Among Year 5 science and maths students, 24 per cent said they were bullied on a weekly basis, with only 40 per cent saying they were "almost never" bullied.
•New Zealand pupils below average in maths
Only Bahrain and South Africa scored lower in this ranking than New Zealand.
The statistics improved slightly for Year 9 students, with 10 per cent of science and maths pupils in this year group saying they experienced some kind of bullying on a weekly basis, and 55 per cent saying they were almost never bullied.
This compares to 73 per cent of Irish Year 5 students who said they were almost never bullied, and 80 per cent of Japanese Year 9 students who said the same.
Stuart, who has launched a consulting firm Infer Consulting to advise schools on best practice approaches to tackling bullying, said New Zealand was consistently at the bottom of these tables.
"It's really sad that it continues to go on," she said, adding it was unfortunate that no progress had been made despite a lot of research.
New Zealand's "harden up, be tough" attitude to bullying was to blame, Stuart said, and the TIMSS results "should be taken seriously".

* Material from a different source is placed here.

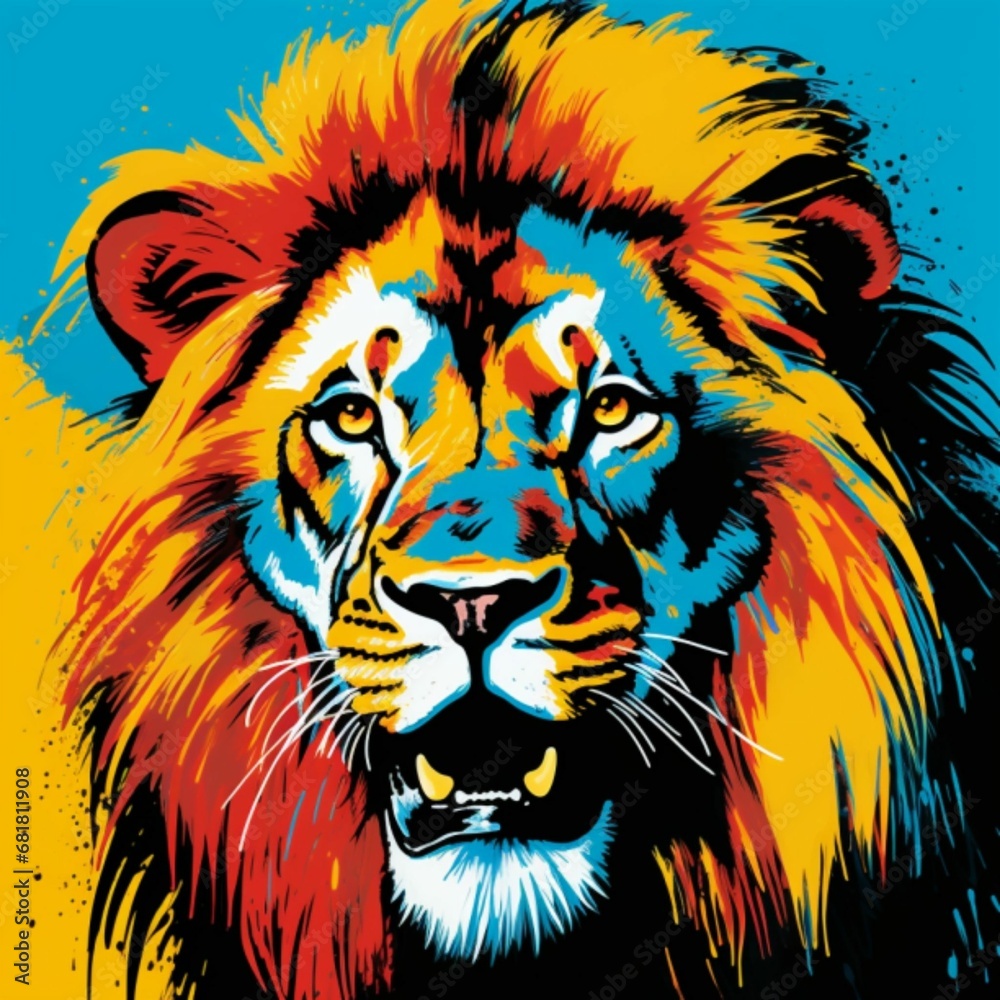 Lion Head | Pop Art | Bright and Pop black and blue colors | dotted background | bold colors, flat surfaces, mass-production | Vibrant, Iconic, Generative AI Lion Head | Pop Art | Bright and Pop black and blue colors | dotted background | bold colors, flat surfaces, mass-production | Vibrant, Iconic, Generative AI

"We are failing our kids, and I think we're failing our kids by not implementing the right programmes and not focusing on positive social relationships for kids."
The focus had been on the concept of bullying, and not on what influenced it, or teaching children how to interact with each other in a positive manner, she said.
"That focus on holistic wellbeing has been missed and that's probably why nothing's been done about it."
Louise Green from the New Zealand Educational Institute said: "Children have the right to an education, that nurtures their full potential and is free from bullying and harassment."
Education Minister Hekia Parata said: "The longstanding issue of bullying remains an ugly and unwanted presence in our schools, but I am optimistic for the future."
A lot of work had been done since the study was carried out to address the issue of bullying in schools, she said, such as new guidelines on cyberbullying.